• [Task objective]:
The lines below from the one with "A bathroom with a sink, toilet, and bathtub." up to and including the one with "Baker prepares the" are what you should set down, exactly and without pictures.

• [Excerpted records]:
════════════════

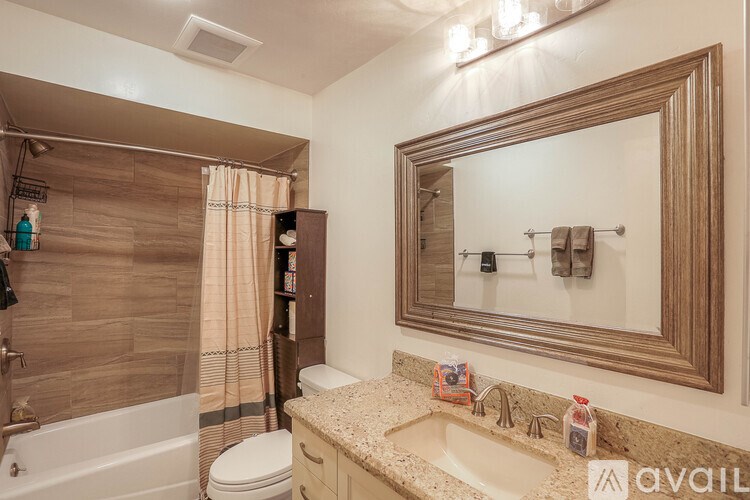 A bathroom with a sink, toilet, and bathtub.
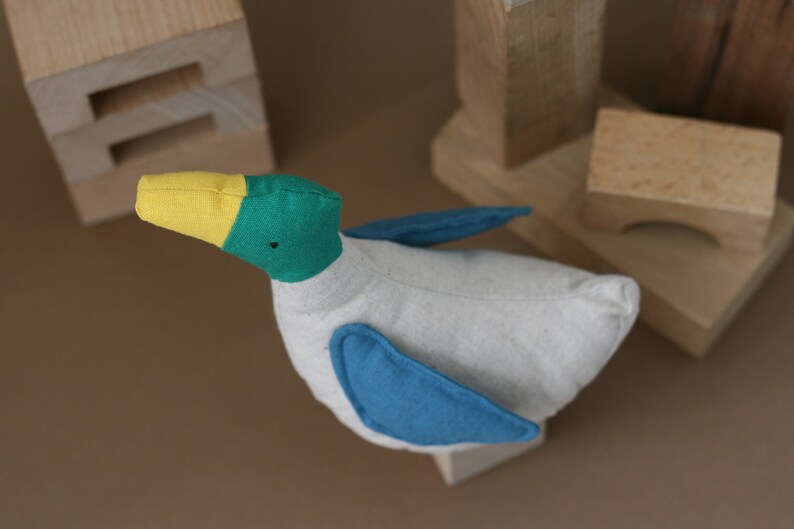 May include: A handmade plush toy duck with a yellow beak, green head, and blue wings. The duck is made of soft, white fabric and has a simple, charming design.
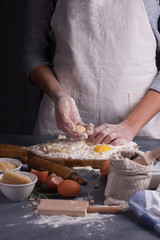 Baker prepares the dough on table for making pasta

════════════════

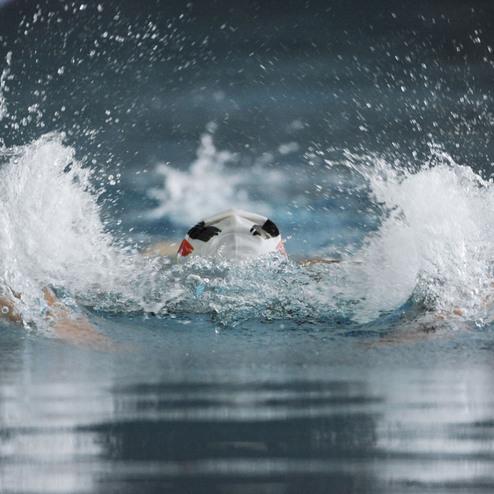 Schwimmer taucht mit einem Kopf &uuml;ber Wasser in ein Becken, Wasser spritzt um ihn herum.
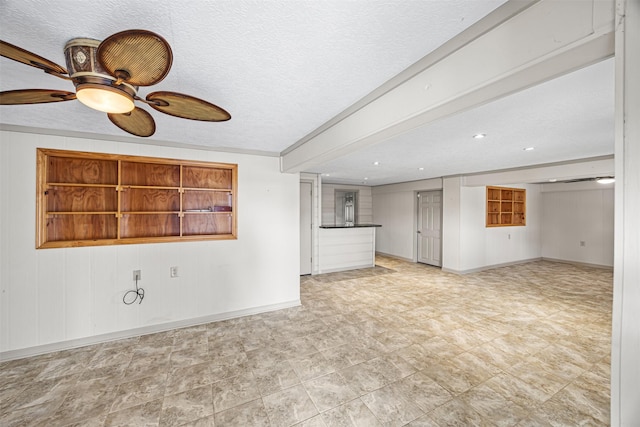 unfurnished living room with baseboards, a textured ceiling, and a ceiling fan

════════════════

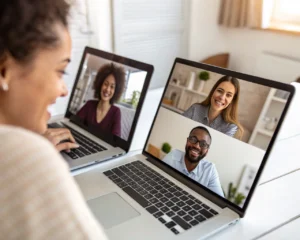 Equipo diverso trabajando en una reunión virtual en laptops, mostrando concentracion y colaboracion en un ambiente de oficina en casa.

════════════════

• [Exercise solution]:
 A bathroom with a sink, toilet, and bathtub.
 May include: A handmade plush toy duck with a yellow beak, green head, and blue wings. The duck is made of soft, white fabric and has a simple, charming design.
 Baker prepares the dough on table for making pasta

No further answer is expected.